An unusual Japan, in which the code of the noble samurai, associated in the common mentality and cultural tradition almost exclusively with male figures, belongs to brave female warriors.
Women ready for any sacrifice, implacable leaders determined to exercise their power with pride and with weapons to change their destiny, amidst battles and universal and personal demons.
This is the starting point for Storie di donne samurai. Get to the hidden sanctuary, an immersive exhibition (running until 26 November 2023 in the exhibition spaces of TENOHA Milan) created by Tenoha in collaboration with L’Ippocampo Edizioni and inspired by the book of the same name illustrated by Benjamin Lacombe with texts by Sébastien Perez (L’ippocampo edizioni).
They are the onna-bugeisha, women warriors or ‘the female warrior’ by literal translation, of noble extraction, belonging to the bushi caste, i.e. the samurai. The onna bugeisha were the wives, daughters and sisters of samurai, who, like their husbands, were engaged to serve a lord, in feudal Japan from 1100 onwards.
They were trained in combat and martial arts, with the characteristic weapons intended for the onna-bugeisha: the bow, the spear, but above all the naginata, a long stick on which is mounted a sharp blade, designed specifically for the use by a woman.
Tomoe Gozen is one of the best-known onna-bugeisha. Servant of General Minamoto no Yoshinaka, at whose side she fought her battles, Tomoe is the only female warrior described in the epic literature of the samurai tradition. The appellation ‘gozen‘ means ‘honourable‘, and may indicate that she was not of noble birth.
She is recounted in the Heike Monogatari, a Japanese epic poem. The epilogues of this samurai woman are numerous: some end with her death in battle, others with her disappearance at sea or in the hills with her husband’s head. Still others claim she became a Buddhist nun.
Then there are the sisters Miyagino and Shinobu, who learned martial arts in the 17th century to avenge the killing of their father. And Nakano Takeko, who led an all-women army during the Boshin War in the late 19th century.
According to the texts, the onna-bugeisha kept their hair long and shiny. Their skin had to be white and pale, groomed and most probably dabbed with rice powder, to symbolise grace even in battle.
“The protagonists of the stories in this volume and presented in the exhibition – writes Benjamin Lacombe in the introduction to the book – are rebels, dissidents, outlaws. Some defied the norms by shaping their own destiny, like Nakano Takeko who created her own female army because the regular one was forbidden to her“.
Touching and full of charm, the voices of these intrepid heroines are the echo of a chorus from the past, reminding us of the fragility of the rights won by women and the incredible tenacity and courage with which they have continued to claim gender equality over the centuries”.
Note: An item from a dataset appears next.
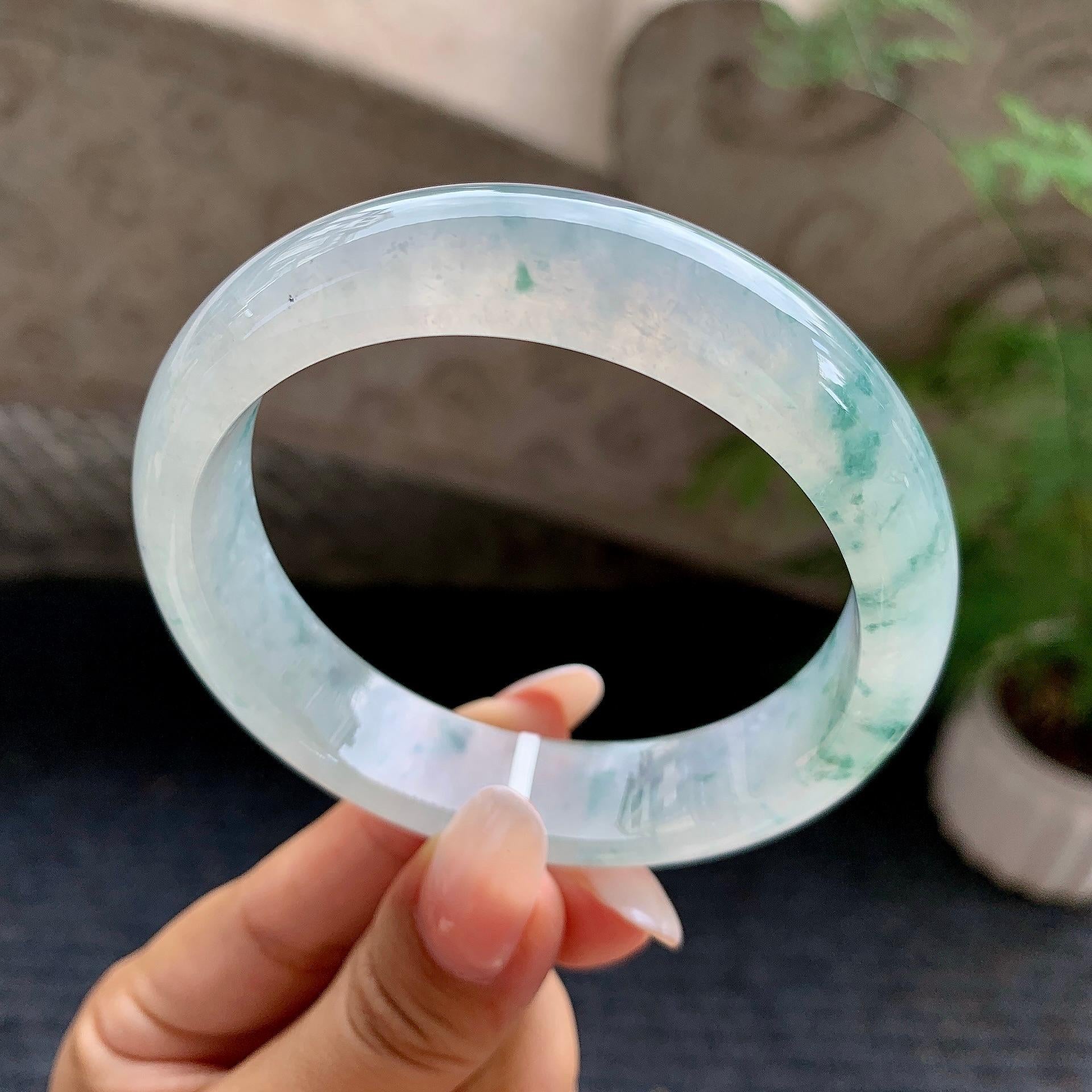 糯冰种飘花平安镯（58.6mm）（yc195930）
A Japanese temple with a Zen garden and sensory rooms are set up in this exhibition route where technological innovation and a thousand-year history are present with objects and reconstructions made even more real by videos, installations, animations, audio and essences. You move from a room dotted with arrows pointing towards the viewer’s path, to another in which you experience the tea ceremony and the beauty of the Japanese woman; or you can encounter those strange animals that punctuate Japanese folk tradition.